1764-02-07, de Voltaire [François Marie Arouet] à Charles Augustin Feriol, comte d'Argental.

Voicy deux Olimpies rentrayées, je les mets sous les aîles de mes anges.
L'une sera pour madlle Clairon, l'autre pour Le Kain. Les changements ne regardent qu'eux, et il n'y a qu'un vers de changé pour le grand prêtre. J'ai cherché principalement à rendre le Dialogue plus animé et plus intéressant, c'est celà seul qui fait le succez des pièces tragiques; quand on intéresse on a toujours raison.

Je joins à ce paquet un petit résumé, que je fis il y a quelque temps, de tous les motifs qui m'ont déterminé à ne point faire mourir Statira au 5e acte. J'ai ce changement en horreur, et on ne fait que des sottises quand on travaille en contredisant son goût; l'éloquence n'appartient qu'aux persuadés.

Mais encor une fois, pourquoi avoir abandonné la conspiration? Vous êtiez de si braves conjurés, vous avez molli, je vois bien que ni Mr le Duc de Praslin, ni vous, n'avez pas l'âme assez noire.

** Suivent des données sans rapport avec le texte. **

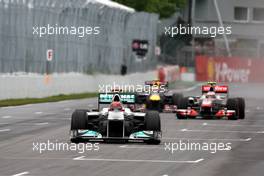 12.06.2011 Montreal, Canada,  Michael Schumacher (GER), Mercedes GP Petronas F1 Team leads Jenson Button (GBR), McLaren Mercedes and Mark Webber (AUS), Red Bull Racing - Formula 1 World Championship, Rd 07, Canadian Grand Prix, Sunday Race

Je ne savais pas qu'il y eût un Crequi qui fût philosophe et si plaisant; il n'y a rien de comparable à son exploit, j'en enverrai un tout pareil à mon curé pourvu qu'il ne me vôle pas mes dixmes.

Cette Lettre fut commencée il y a environ quinze jours. On s'est tué depuis ce temps là à chercher des moiens d'accommoder l'affaire d'Olimpie. On s'est aperçu que plus on y travaillait, plus on gâtait l'ouvrage. On a reconnu l'inutilité de ces éfforts et on envoie humblement ce qu'on peut. On y joint un petit mémoire de justification, qui, s'il ne prouve pas qu'on a raison, prouvera du moins qu'on est stérile.

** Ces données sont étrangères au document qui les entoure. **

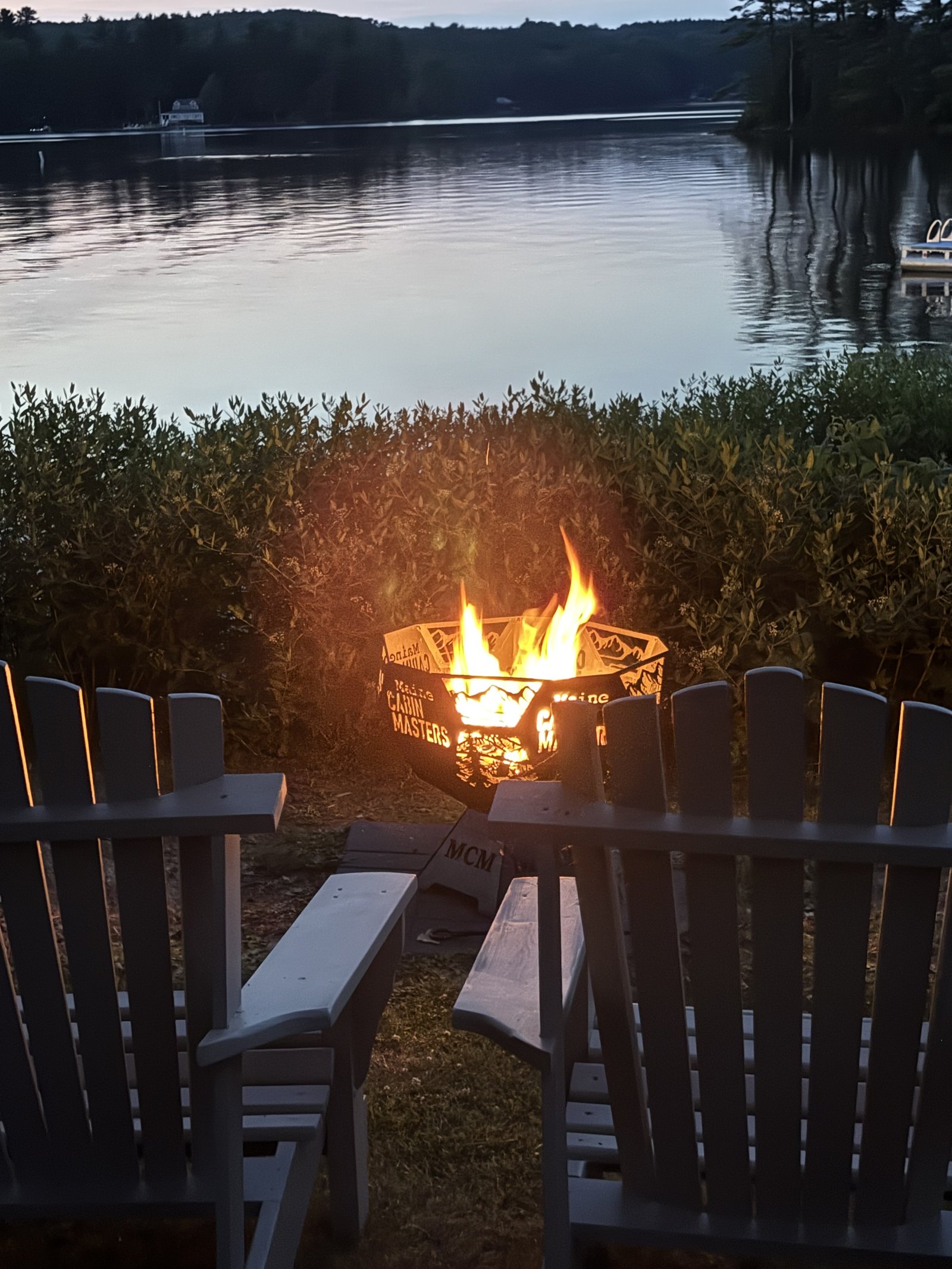 Evening fire pit overlooking Maranacook Lake, with Adirondack chairs and the dock visible in the distance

J'apprends que la gazette Littéraire a gagné son procez. J'ignore toujours ce qu'est devenu un paquet adressé pour moi à Mr le Duc De Praslin, par mr De Guerchi ou par mr Déon, dans le temps que j'avais encor des yeux, et que je pouvais servir.

Je crois que c'est aujourd'hui que Mr le duc De Praslin a daigné raporter nôtre cause contre le Concile de Latran; je me mets toujours à l'ombre de ses ailes, et de celles de mes anges.